Un soir, donc, Borü ne rentra pas à l’heure. Ce n’était pas dans ses habitudes et sa femme commençait à s’inquiéter car le repas était froid depuis fort longtemps et il pleuvait. Il allait attraper froid ! Que faisait-il ? Les enfants dormaient au coin du feu, dos à dos, à même le sol, enroulés dans une couverture épaisse. Ils aimaient dormir là, c’était leur coin à eux et rien, pas même un lit ne les aurait convaincu d’abandonner leur paradis de chaleur et de crépitements doux. Elle attendit, anxieuse, assise sur une des chaise de la salle à manger en se rongeant les ongles. Elle regardait sans cesse par la fenêtre et parfois, son esprit s’égarait dans des souvenirs où Borü était la pièce centrale. Elle revivait son mariage, sa première nuit d’amour, les mots doux qu’ils s’étaient échangés. Elle avait peur et le simple fait de revoir les anciens colifichets, souvenirs heureux d’un passé commun, la faisait pleurer.

Alors qu’elle désespérait totalement, la porte s’ouvrit d’un coup et le chef de famille apparut dans l’encadrement, faisant rentrer avec lui une vague de froid qui manqua de faire éteindre le feu dans l’âtre. Il était trempé, misérable sous la pluie battante et courbé en deux comme s’il tenait à protéger quelque chose de précieux. Selnia se rua sur lui et le pinça au bras, là ou la chair est la plus tendre, comme elle le faisait toujours lorsqu’ elle était fâchée.

Selnia : Ou étais-tu donc passé ? Te rends-tu seulement compte de l’heure qu’il est ? Et moi hein, hein, hein ? Le souci ! La peur ! L’angoisse ! Qu’il est dur de nos jours d’être mère de famille et de devoir attendre que môssieur l’homme daigne seulement rentrer ! Que faisais-tu ? Tu buvais à la taverne ? Tu…

Borü : Silence la femme ! Tu vas faire peur à mon invité !

Elle cessa de marteler son mari de petites claques dans le bras et baissa les yeux -encore emplis de larmes que sa peur avait fait couler- vers les deux paumes jointes de sa grande barrique d’homme. Elle fut sans voix lorsqu’elle le vit, emmitouflé dans un grand linge noir, il la regardait de ses yeux sombres avec un calme surprenant, presque anormal.
Toujours muette, elle interrogea Borü du regard d’un froncement de sourcil.

Borü : Je l’ai trouvé sur les quais, près d’une caisse d’épices en provenance du grand bac à sable qu’les autres appellent l’île des cinq sages. Il braillait comme j’ai jamais entendu brailler un gosse. Hurler qu’il faisait, en même temps c’t’un peu normal avec le temps qu’y fait.

Selnia : Comment…et que veux-tu…et à qui… ?

Le choc émotionnel lui faisait perdre ses mots, elle ne parvenait plus à formuler la moindre phrase. Borü se contenta d’hausser les épaules et de donner à sa femme un petit écrin de bois tout trempé, dans lequel se trouvait un bout de parchemin. Elle entreprit de le lire et releva ensuite les yeux vers le bébé et son mari.

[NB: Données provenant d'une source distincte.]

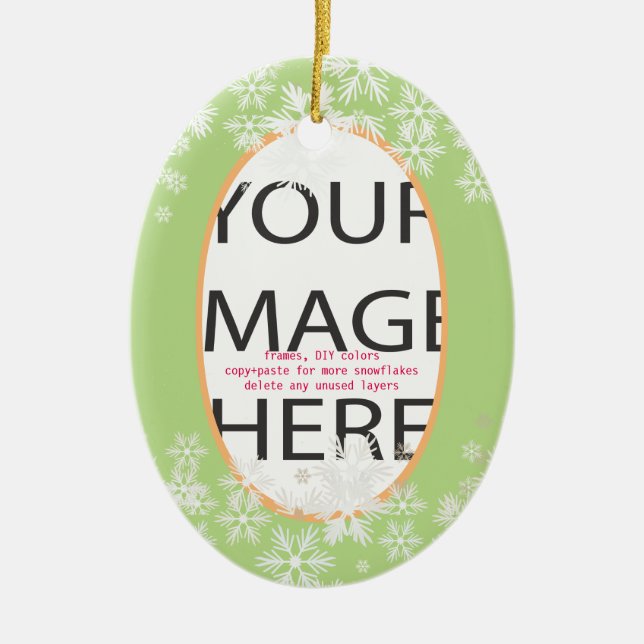 PixDezines Custom Photo Frame/DIY colours Ceramic Tree Decoration (Front)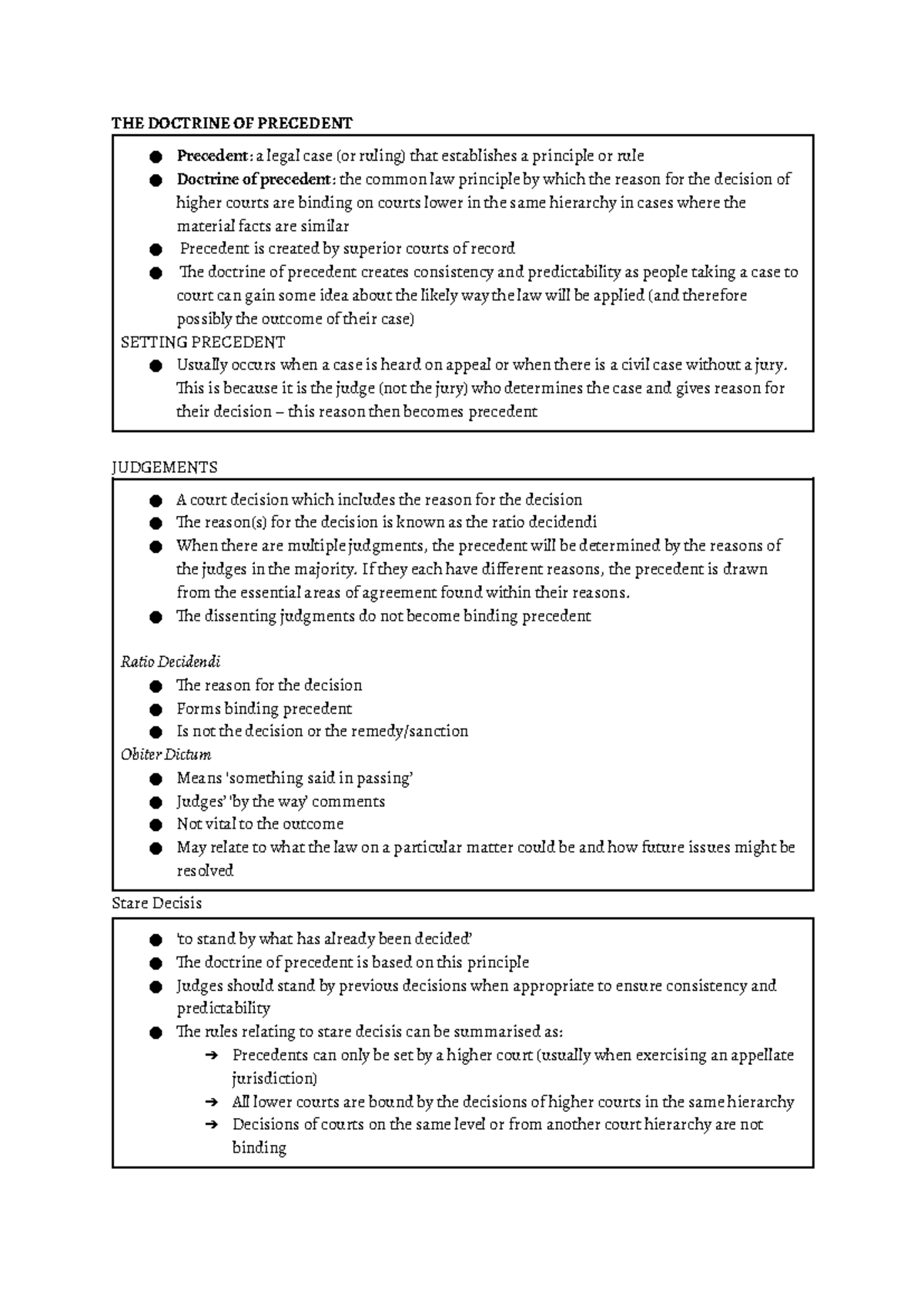 LAW101: Doctrine of Precedent Overview and Key Principles - Studocu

Selnia : Silk ? Un drôle de nom….

Borü : C’t’un bien drôle de gamin s’tu veux mon avis la femme mais bon, on l’a trouvé et, même si j’sais pas bien lire, j’crois que j’ai pu comprendre qu’il est tout seul le petiot.
On manque pas vraiment d’argent…


Il plongea son regard dans celui de sa femme, cherchant son appui.
Elle soupira. Une charge de plus dans la maison mais cela passait au second plan. Ils étaient des gens fondamentalement bons et Selnia adorait les enfants. Elle ne pu s’empêcher de l’adopter et de vouloir le chérir comme une mère l’aurait fait avec son propre fils. Elle le prit dans ses bras et quelques minutes lui suffirent pour s’endormir, bien au chaud au creux des bras d’une mère. Ce n’était pas les liens du sang qui les unissaient mais l’amour se suffisait à lui seul.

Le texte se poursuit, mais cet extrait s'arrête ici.